The one currency that truly stands out? The Japanese yen. It’s the only currency that consistently goes up when risk goes up. When stocks fall, when the VIX spikes, when credit spreads blow out, the yen rallies. No other currency does this reliably. The euro comes kind of close, but the effect is much weaker.
On the EM side, some currencies act more like G10 than you’d expect. The Czech koruna barely moves with global risk. The Chinese yuan is so managed it basically ignores everything. And if you compare a basket of G10 commodity currencies (like AUD, NOK, NZD, CAD) against a basket of EM commodity currencies (like ZAR, BRL, RUB, COP), their betas to global macro drivers are shockingly similar. Sometimes the EM basket actually has lower betas.
The authors’ conclusion: it makes more sense to sort currencies by commodity producer vs. commodity consumer than by EM vs. G10.
So What Actually Makes EMFX Different?
If the macro correlations are similar, what’s the real difference? Two things.
First, institutions are weaker. On most trading days, this doesn’t matter. But during elections or political crises, it matters a lot. A market-unfriendly candidate winning in Brazil can cause way more damage to the currency than something similar happening in, say, Canada. In emerging markets, individuals can overpower institutions more easily. That means capital controls, surprise policy changes, and other things that just don’t happen in developed markets.
Second, interest rates work differently. This is the big one. In G10 FX, when a central bank hikes rates, the currency usually strengthens. Higher rates attract capital, currency goes up. Simple.
In EMFX, this relationship breaks down completely. When EM central banks hike rates, it’s often because the currency is already falling. Rates go up because things are bad, not because the economy is strong. The authors test this with a thought experiment: imagine you have perfect foresight on interest rate changes. In G10, if you know rates are going to rise, you can reliably predict the currency will strengthen. The P&L of this perfect-foresight strategy goes up in a straight line for G10 currencies.

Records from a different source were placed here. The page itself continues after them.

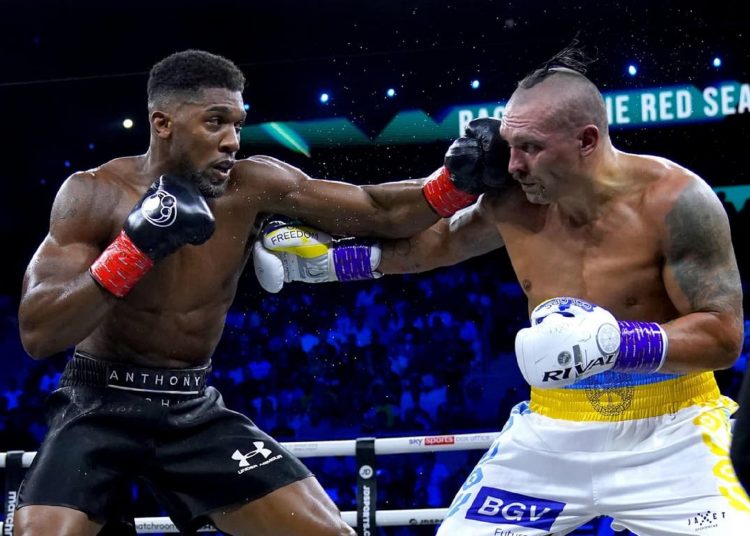 Oleksandr Usyk (R) defended Anthony Joshua by split decision to retain his three heavyweight world titles in August 21, 2022 in Jeddah.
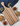 Wooden serving board with striped pattern on a white surface with snacks.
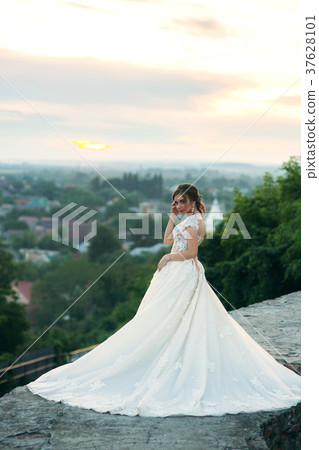 Young girl in wedding dress on city background at Young girl in wedding dress on city background at 37628101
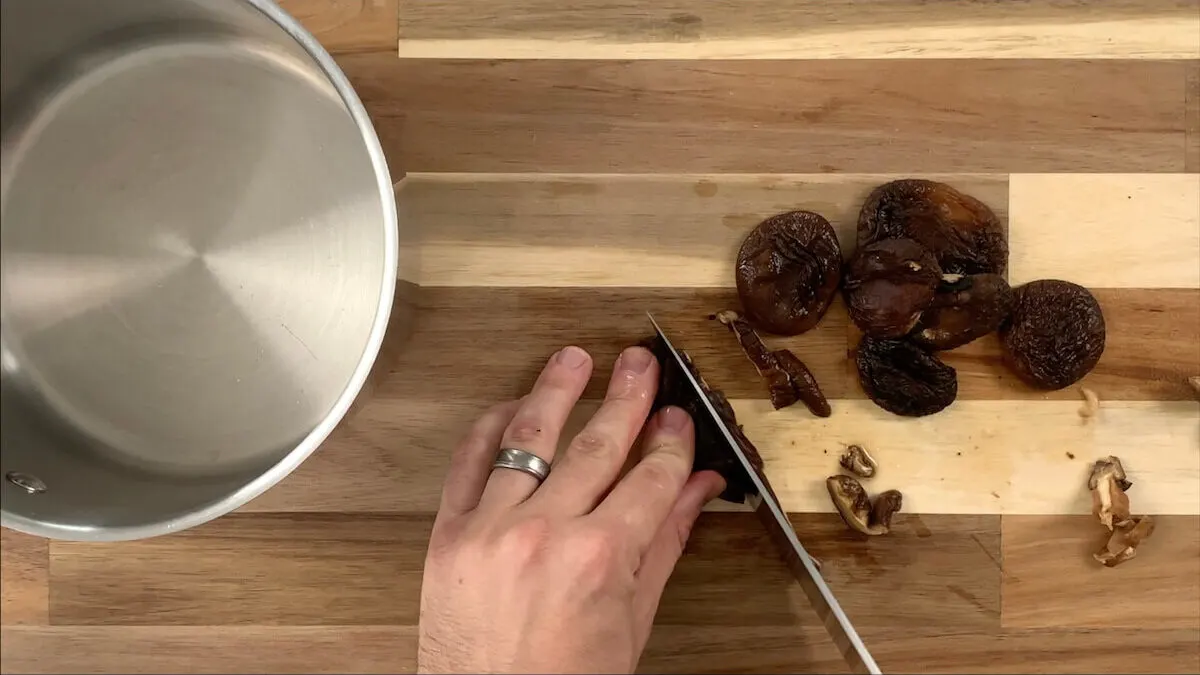 Cut stems off of shiitake mushrooms and slice into thin slices.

For high-volatility EMFX? The P&L goes straight down. Even for low-volatility EMFX, it loses money. Knowing which way rates are moving doesn’t help you trade EM currencies. That’s a fundamentally different world.

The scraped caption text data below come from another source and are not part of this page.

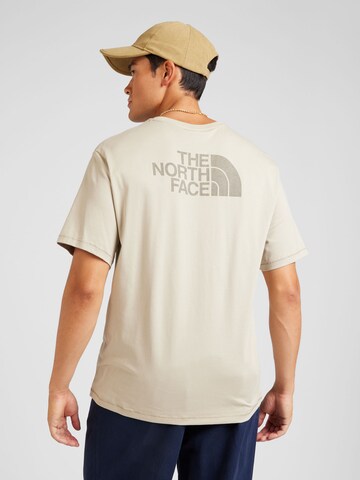 THE NORTH FACE Koszulka w kolorze beżowy: przód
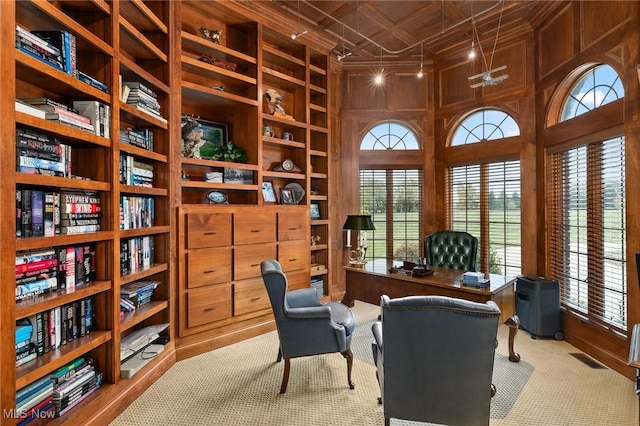 office space featuring wooden walls, visible vents, built in shelves, carpet floors, and an ornate ceiling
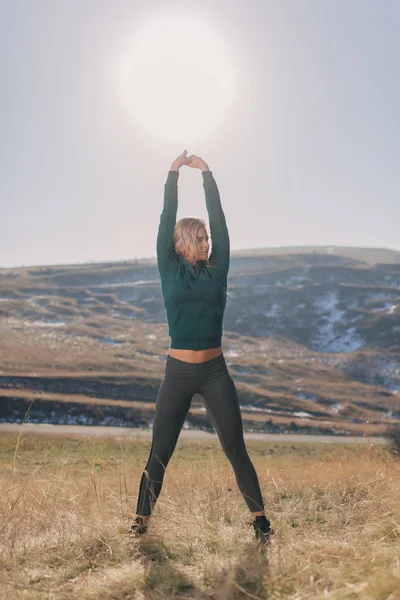 Egzersiz ve güneşli bir günde bir dağın tepesinde germe kadın genç yerleştirmek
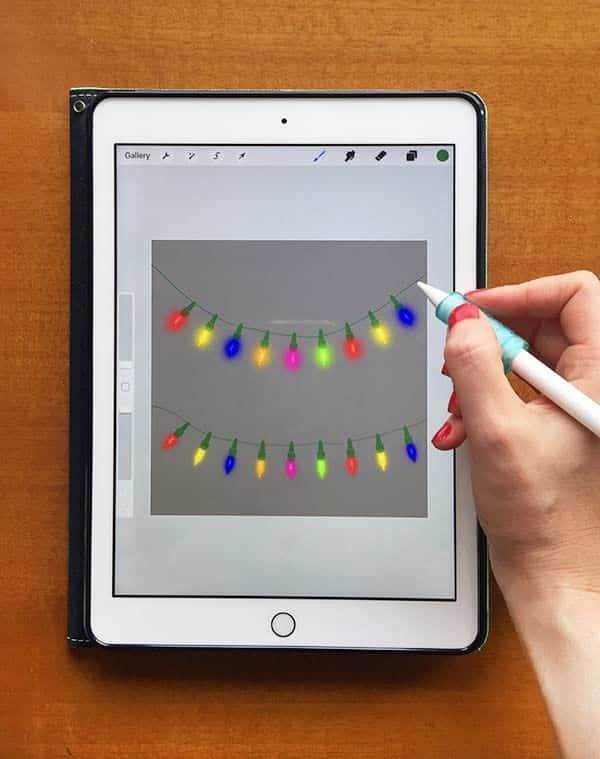 0b9b1bbc598b03e562d6af0c6d8af613 Hand drawing colorful string lights on a tablet with a digital pen app interface shown. | Sky Rye Design Hand drawing colorful string lights on a tablet with a digital pen app interface shown.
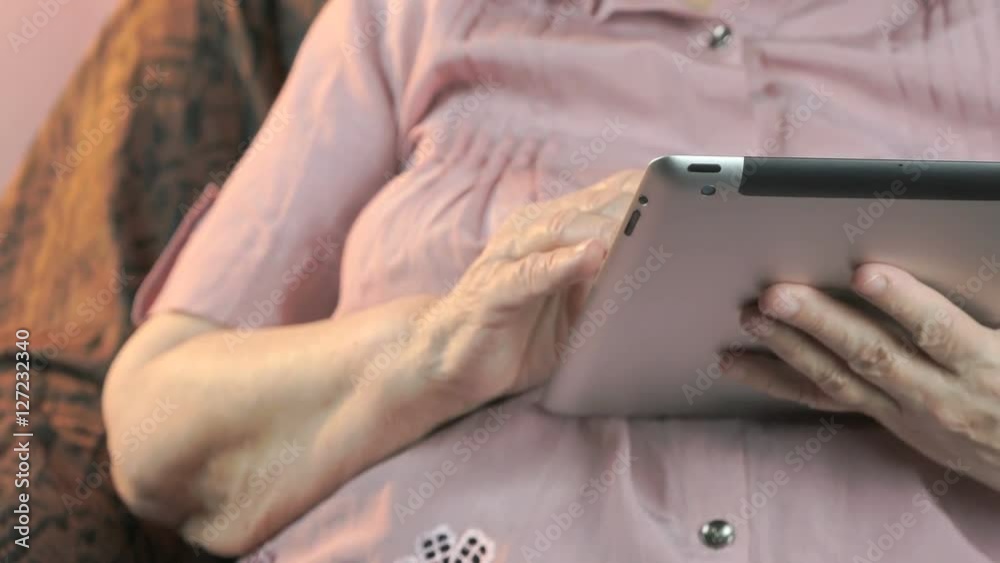 The old woman holding the silver tablet computer The old woman holding the silver tablet computer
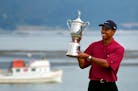 Tiger Woods holds the trophy after capturing the 100th U.S. Open at Pebble Beach in June of 2000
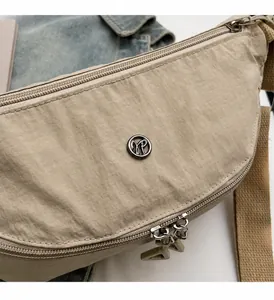 Detalle de bolso beige de nailon con tejido brillante y doble cremallera plateada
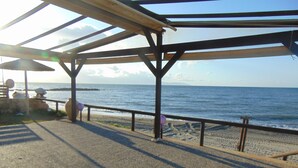 A beachside walkway with a wooden pergola, a thatched umbrella, and a sandy beach with the ocean in the background. - Litinas Casa-In front of the Sea (Chania)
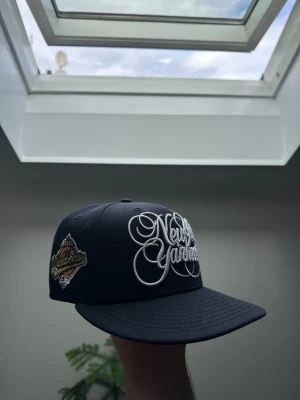 New York Yankees marin blå keps - Snygg blå keps med stor broderad New York Yankees-logga i vitt framtill. På sidan finns en patch med gulddetaljer och broderad text.       Säljer för att den var för liten för mig. Köpte från topperzstore för 549 kr. Aldrig använd.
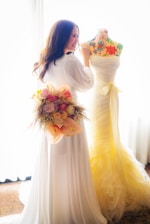 A woman in a white dress holds a colorful bouquet with roses while standing next to a mannequin dressed in a flowing, light yellow gown. The mannequin features a floral-patterned torso. The setting is bright and airy, suggesting a cheerful atmosphere.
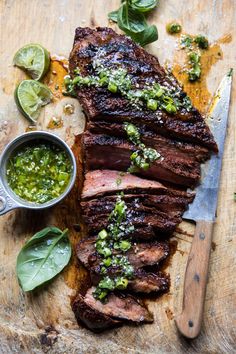 sliced steak with green sauce and garnish on cutting board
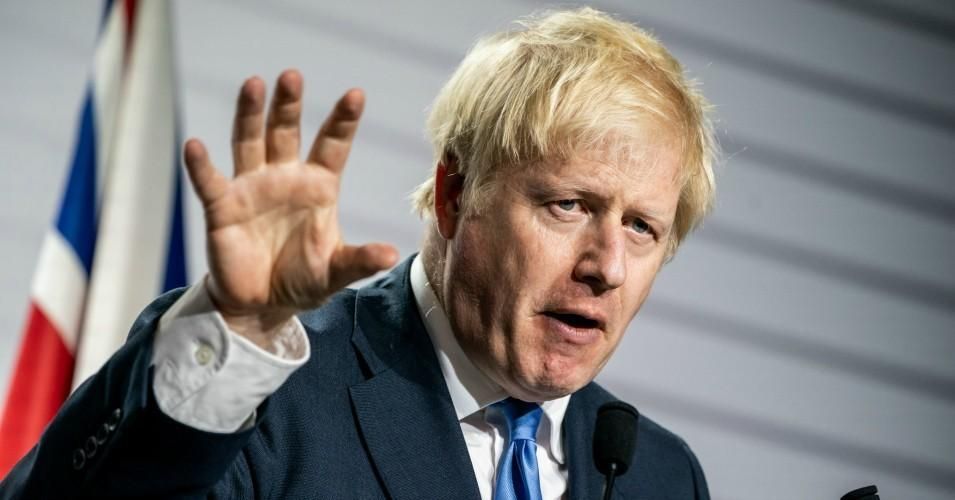 U.K. Prime Minister Boris Johnson will smear lipstick all over this pig of a deal and declare it a triumph. (Photo: Michael Kappeler/Picture Alliance via Getty Images)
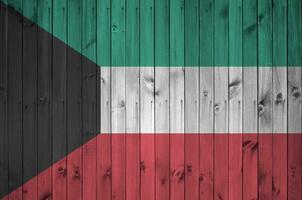 Kuwait bandiera raffigurato nel luminosa dipingere colori su vecchio di legno parete. strutturato bandiera su ruvido sfondo foto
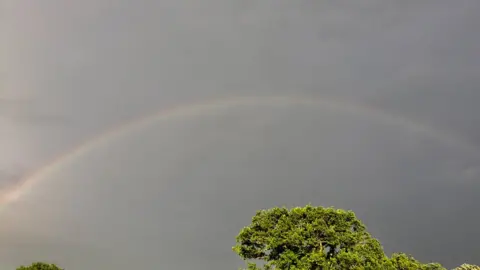 Megan Kay Searching for a pot of gold: Sixteen year old Megan Kay captured this rainbow amid stormy skies in Rhoslan, near Criccieth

This is actually the authors’ preferred way to define what counts as “true” EM. If rate changes help predict FX moves, it quacks like G10. If they don’t, it’s EM. Using this definition, most Latin American and CEEMEA currencies are true EM. But most Asian currencies actually behave like G10. The ones that don’t follow the pattern are Taiwan (TWD) and Singapore (SGD), which is surprising since they’re not the usual high-yield suspects.
The Carry Trade: It Works If You’re Japanese
OK, now we get to carry. The idea is dead simple. Borrow in a low-interest-rate currency. Buy a high-interest-rate currency. Collect the difference. In good times, this is basically free money because high-yield currencies tend to stay stable or even appreciate.
The authors look at what happens when you buy the top four highest-yielding EM currencies. Against the USD, against the EUR, and against the JPY.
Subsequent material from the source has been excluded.